Part of the reason for Macy’s silence on in-store navigation could be that it’s only in the flagship store. A more likely reason: There’s only one safe way to roll out untried technology on Black Friday, and that’s very, very quietly.
The in-store navigation system, which uses technology from Meridian Apps and is only installed at the Herald Square store, uses Wi-Fi triangulation to identify where the customer is on the phone’s screen with a big blue dot. If the customer searches for a specific department, brand or “point of interest” (we’re assuming that means restrooms), the app gives turn-by-turn directions for getting there.
None of that is really unusual—vendors have been pitching a wide range of ways to deliver indoor navigation for a while now. But it makes particularly good sense in a multi-floor traditional department store like the Macy’s flagship (and that’s leaving aside the fact that the store is progressively being remodeled). That floor plan is also the worst-case scenario for handling Wi-Fi-based navigation. Compared to that, a typical mall anchor store will likely be a piece of cake.
Wi-Fi-based location is also a relatively straightforward step up from current location implementations, which are typically shopping-list features that tell the customer where a particular product is by department or aisle number. Some of those, like the one Walgreens just rolled out, depend on planograms for each store. Others, like the one Walmart now offers for all its stores, just give product locations by aisle number. (Walmart is testing a version that pinpoints the product on a map, but only in one store in San Jose. In that test, the app tells the shopper exactly where within that aisle the product is supposed to be. That’s hardly item-level RFID precision, but it sure beats “it’s somewhere in Aisle 9B.”)

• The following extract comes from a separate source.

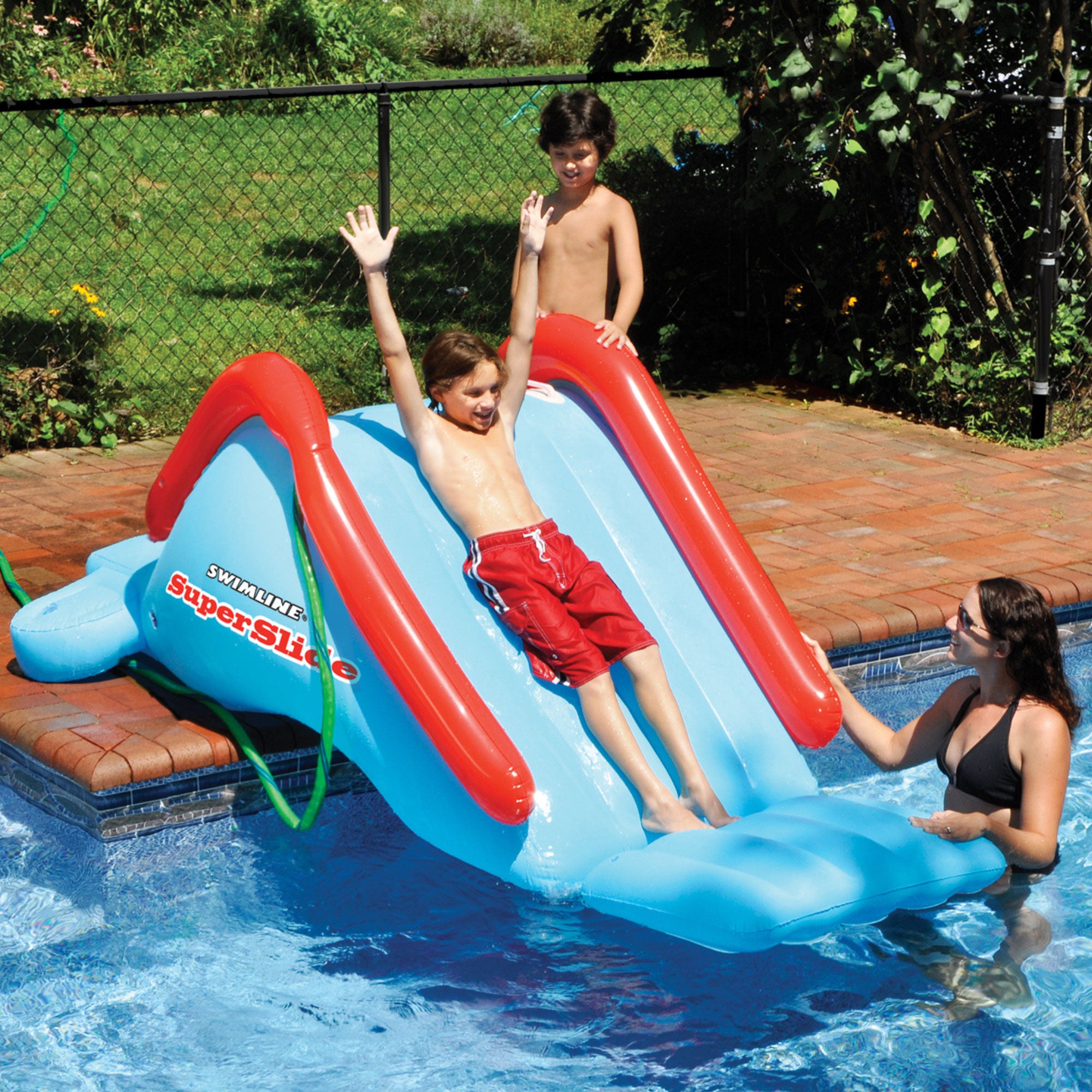 Swimline 90809 Super Water Slide Swimming Pool Inflatable Toy (Open Box)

Once you know where the products are, the only thing missing to re-create a turn-by-turn GPS experience (besides a celebrity voice to give directions) is identifying the customer’s location. Macy’s is one of the first big chains to actually put it to work.
Why, then, is Macy’s clamming up about the new feature, which is specifically identified as part of the new version of the app on iTunes? That and a vendor press release scant on details are pretty much all we know about it.
True, it only works in one store, and it’s Thanksgiving parade time and Black Friday, and Macy’s has other chain-wide things it wants to promote. That includes the eBay-enabled Black Friday features, which include push notifications for unadvertised specials that are specific to local stores.
But Macy’s clearly wants iPhone-carrying customers to try the navigation feature. Why won’t it say more?